- DVD cover
- Directed by: Shahuraj Shindhe
- Written by: Rajeev Koul Praful Parekh
- Screenplay by: Shahuraj Shinde
- Based on: Ishq (1997) by Indra Kumar
- Produced by: Anaji Nagaraj
- Starring: Darshan; Aditya; Sindhu Tolani; Lakshmi Rai;
- Cinematography: Anaji Nagaraj
- Edited by: T. Shashikumar
- Music by: V. Harikrishna
- Production company: Namana Films
- Release date: 20 July 2007;
- Country: India
- Language: Kannada

= Snehana Preethina =

Snehana Preethina is a 2007 Indian Kannada-language film directed by Shahuraj Shindhe and is a remake of the 1997 Hindi film, Ishq. It stars Darshan, Aditya, Sindhu Tolani, and Lakshmi Rai.

==Plot==
Surya (Darshan) and Adi (Aditya) are two close friends. Surya is a poor youngster who falls in love with Lakshmi (Lakshmi Rai), the daughter of a rich man, Rajeev Kumar (Rajeev). Meanwhile, Adi, the son of a rich man, Raghunath Rao (Rangayana Raghu), falls in love with a poor girl, Sindhu (Sindhu Tolani). This is not acceptable to the rich fathers, Rajeev Kumar and Raghunath Rao. They devise a plot to separate the lovers and want Adi to marry Lakshmi. Ignorant of the crooked plans of their parents, Adi and Lakshmi finally agree to marry each other. The incidents surrounding the weddings and the close friendship between Surya and Adi form the remaining plot.

==Production ==
Two songs were shot in Switzerland. The song "Sakku Sakku" featuring Jennifer Kotwal was shot in Bangkok.

==Soundtrack==

V. Harikrishna composed music for the soundtracks, and the lyrics were written by V. Nagendra Prasad.
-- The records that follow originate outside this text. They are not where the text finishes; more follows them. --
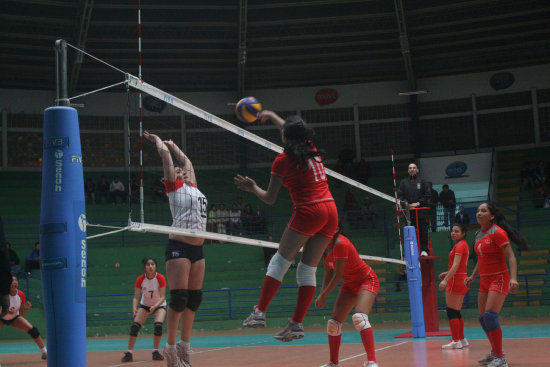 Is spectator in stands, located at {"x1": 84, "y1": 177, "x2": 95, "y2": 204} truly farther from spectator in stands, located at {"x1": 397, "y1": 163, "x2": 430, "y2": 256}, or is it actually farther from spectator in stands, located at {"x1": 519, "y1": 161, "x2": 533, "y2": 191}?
spectator in stands, located at {"x1": 519, "y1": 161, "x2": 533, "y2": 191}

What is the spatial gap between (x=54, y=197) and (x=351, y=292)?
3.56 meters

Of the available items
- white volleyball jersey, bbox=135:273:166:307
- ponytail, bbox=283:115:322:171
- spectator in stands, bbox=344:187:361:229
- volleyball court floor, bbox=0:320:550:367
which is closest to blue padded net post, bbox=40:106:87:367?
ponytail, bbox=283:115:322:171

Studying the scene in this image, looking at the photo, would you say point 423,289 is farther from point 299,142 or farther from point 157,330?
point 299,142

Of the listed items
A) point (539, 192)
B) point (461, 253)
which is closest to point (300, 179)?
point (461, 253)

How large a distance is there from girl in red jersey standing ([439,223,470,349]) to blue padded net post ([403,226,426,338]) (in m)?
1.54

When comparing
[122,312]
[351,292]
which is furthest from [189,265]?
[122,312]

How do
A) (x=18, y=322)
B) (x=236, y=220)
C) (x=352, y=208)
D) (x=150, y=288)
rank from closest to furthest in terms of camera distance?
(x=150, y=288)
(x=18, y=322)
(x=236, y=220)
(x=352, y=208)

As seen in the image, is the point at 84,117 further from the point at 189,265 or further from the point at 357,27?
the point at 189,265

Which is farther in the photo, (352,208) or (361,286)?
(352,208)

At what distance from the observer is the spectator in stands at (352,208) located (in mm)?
21906

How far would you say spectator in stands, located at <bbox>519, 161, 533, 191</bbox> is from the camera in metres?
23.4

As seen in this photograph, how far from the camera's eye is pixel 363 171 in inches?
990

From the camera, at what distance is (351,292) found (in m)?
7.52

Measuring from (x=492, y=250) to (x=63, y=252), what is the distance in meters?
5.32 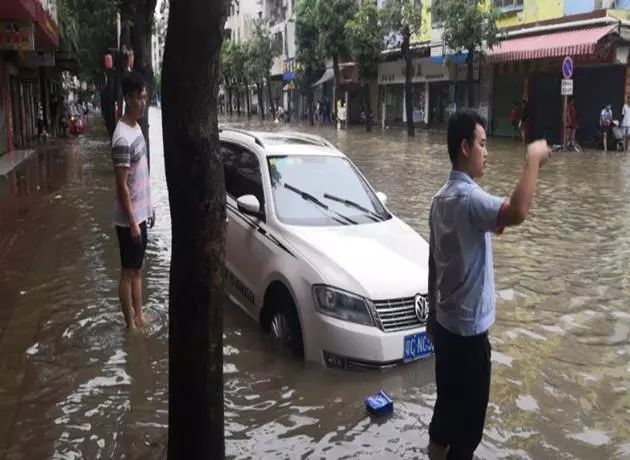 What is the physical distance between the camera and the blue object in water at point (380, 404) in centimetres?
473

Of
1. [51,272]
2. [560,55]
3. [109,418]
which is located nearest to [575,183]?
[560,55]

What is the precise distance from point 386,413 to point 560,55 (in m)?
23.0

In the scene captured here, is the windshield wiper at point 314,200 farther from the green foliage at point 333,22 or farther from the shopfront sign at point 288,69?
the shopfront sign at point 288,69

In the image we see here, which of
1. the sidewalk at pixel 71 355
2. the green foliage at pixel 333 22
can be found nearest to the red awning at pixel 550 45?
the green foliage at pixel 333 22

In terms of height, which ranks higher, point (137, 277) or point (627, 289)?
point (137, 277)

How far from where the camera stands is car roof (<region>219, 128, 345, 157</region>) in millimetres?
6777

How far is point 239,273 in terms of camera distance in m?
6.43

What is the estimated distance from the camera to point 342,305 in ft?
16.8

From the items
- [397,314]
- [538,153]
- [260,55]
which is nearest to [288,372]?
[397,314]

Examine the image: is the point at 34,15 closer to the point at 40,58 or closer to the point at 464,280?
the point at 40,58

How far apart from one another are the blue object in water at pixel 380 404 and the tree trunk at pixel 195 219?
148 cm

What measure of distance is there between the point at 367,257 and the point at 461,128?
2307 mm

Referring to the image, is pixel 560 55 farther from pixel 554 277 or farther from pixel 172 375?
pixel 172 375

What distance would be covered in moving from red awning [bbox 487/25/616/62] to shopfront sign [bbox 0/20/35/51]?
1716 centimetres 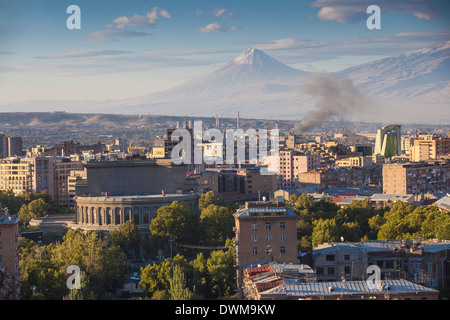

The album consists of six soundtracks.

Track listing
| No. | Title | Singer(s) | Length |
|---|---|---|---|
| 1. | "Dhava Dhava" | Kunal Ganjawala, Anuradha Sriram | 4:52 |
| 2. | "Jagave Barali" | S. P. Balasubrahmanyam, Srinivas, K. S. Chithra, Charan, Janani | 4:38 |
| 3. | "Nanna Chanchale" | S. P. Balasubrahmanyam, Shreya Ghoshal | 4:50 |
| 4. | "Osi Osi" | Karthik, Tippu, Shreya Ghoshal, Anuradha Sriram | 4:36 |
| 5. | "Sakku Sakku" | Rajesh Krishnan, Hemanth, Chaitra H. G. | 4:38 |
| 6. | "Yaaru Ee Bhoomige" | K. S. Chithra | 4:45 |
| Total length: |  |  | 28:19 |

==Reception==
R. G. Vijayasarathy rated the film two-and-a-half out of five stars and wrote that "Snehaanaa Preethinaa is made enjoyable only by Darshan's comical transformation followed by Aadithya's adequate support. ". A critic from sify praised the performances of the cast, the music and the cinematography of foreign locales and concluded that the film was "average".